===== Recorded data
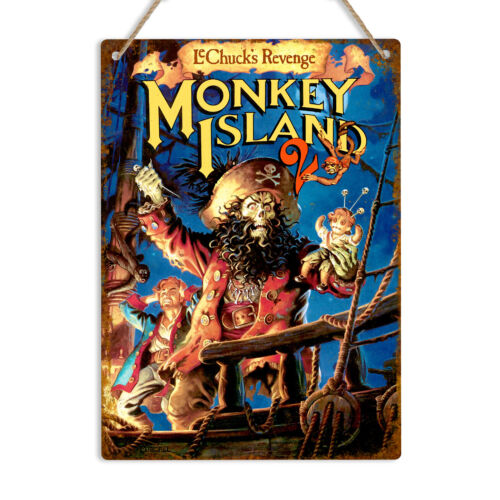 MONKEY ISLAND 2 Vintage Metal  - огляд і ціна Retro Gaming Island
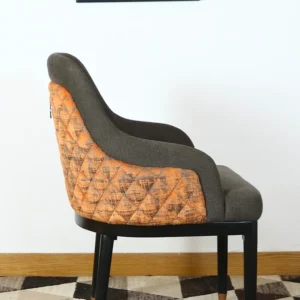 Sepia Copper Velvet Accent Chair Set for Bedrooms and Lounges - Image 3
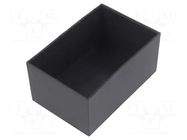 Enclosure: designed for potting; X: 50mm; Y: 75mm; Z: 35mm; ABS; 1596 HAMMOND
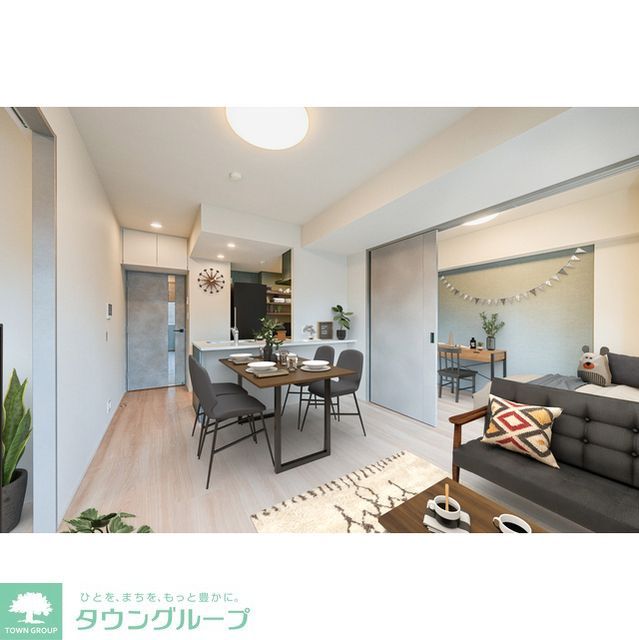 居室・リビング　家具・調度品等はCG 加工です。実際の賃貸住居 には含まれ…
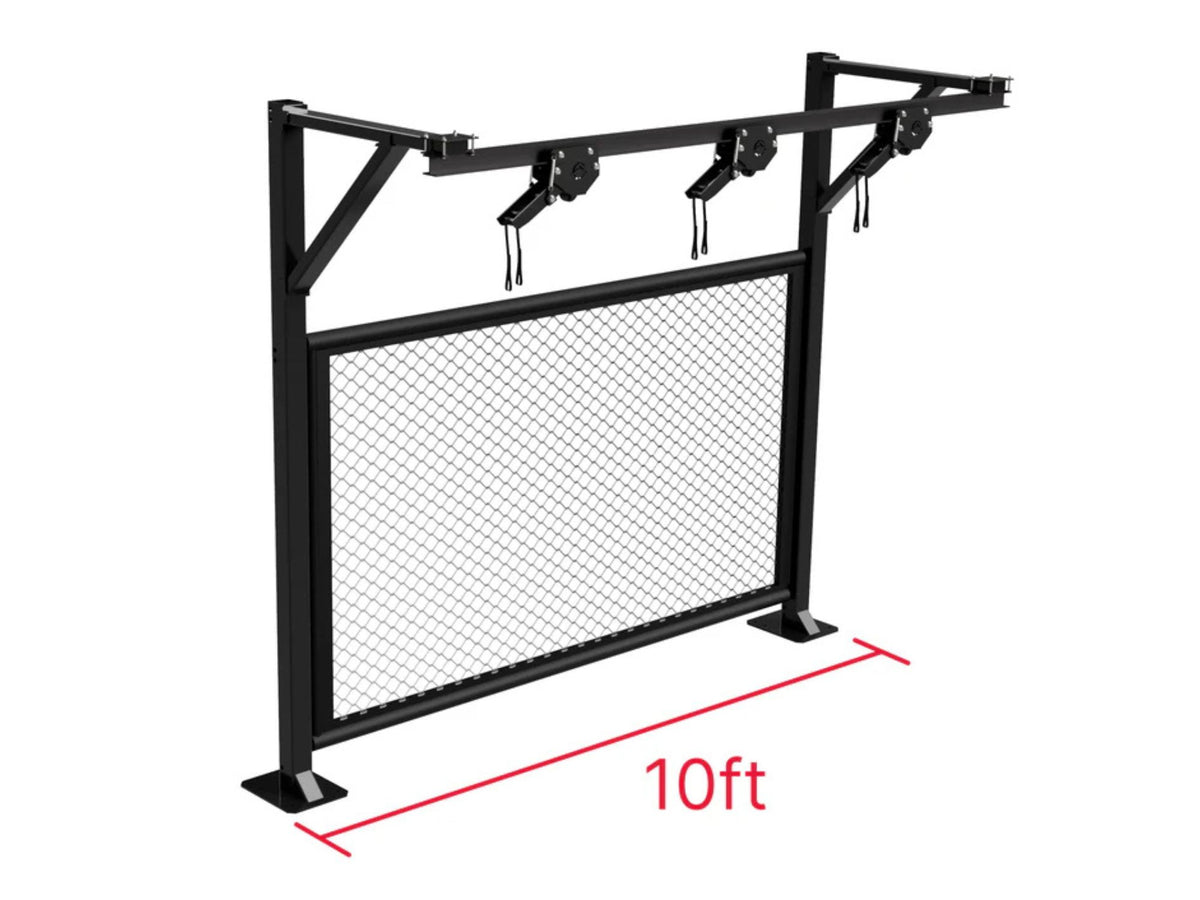 Trolley Bag Rack: Floor Mount With Cage Panels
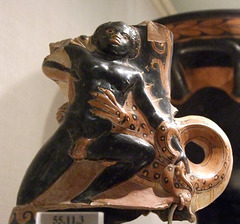 Terracotta Rhyton with a Crocodile Attacking a Black Youth in the Metropolitan Museum of Art, June 2010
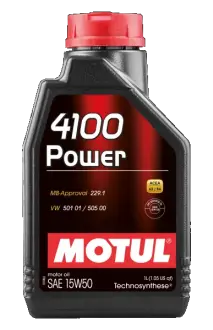 Масло двигателя 4100 POWER 15W-50 1L motul 102773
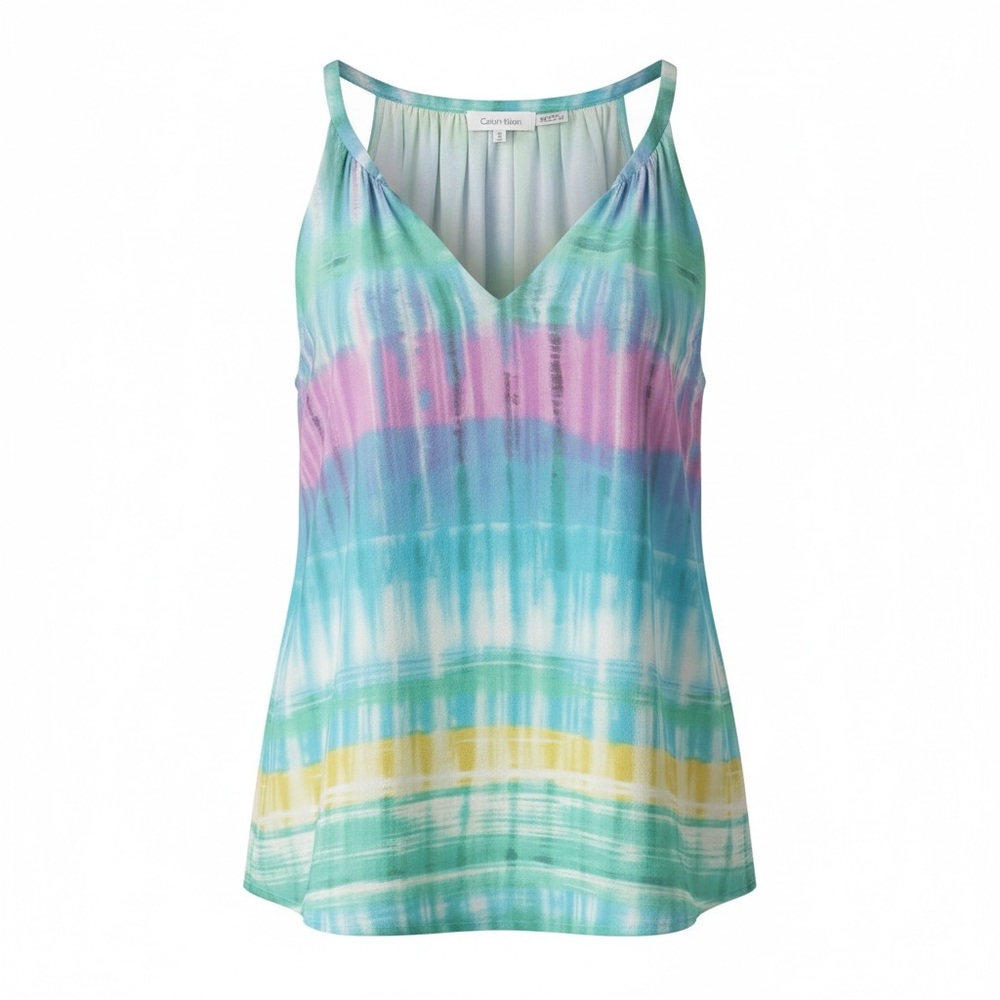 Calvin Klein rainbow pastel blouse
==========
*Task instructions*.
In the records above, the lines from the one containing "居室・リビング　家具・調度品等はCG 加工です。実際の賃貸住居 には含まれ…" through the last line are to be written out exactly, both ends included and pictures omitted.

*Response area*.
 居室・リビング　家具・調度品等はCG 加工です。実際の賃貸住居 には含まれ…
 Trolley Bag Rack: Floor Mount With Cage Panels
 Terracotta Rhyton with a Crocodile Attacking a Black Youth in the Metropolitan Museum of Art, June 2010
 Масло двигателя 4100 POWER 15W-50 1L motul 102773
 Calvin Klein rainbow pastel blouse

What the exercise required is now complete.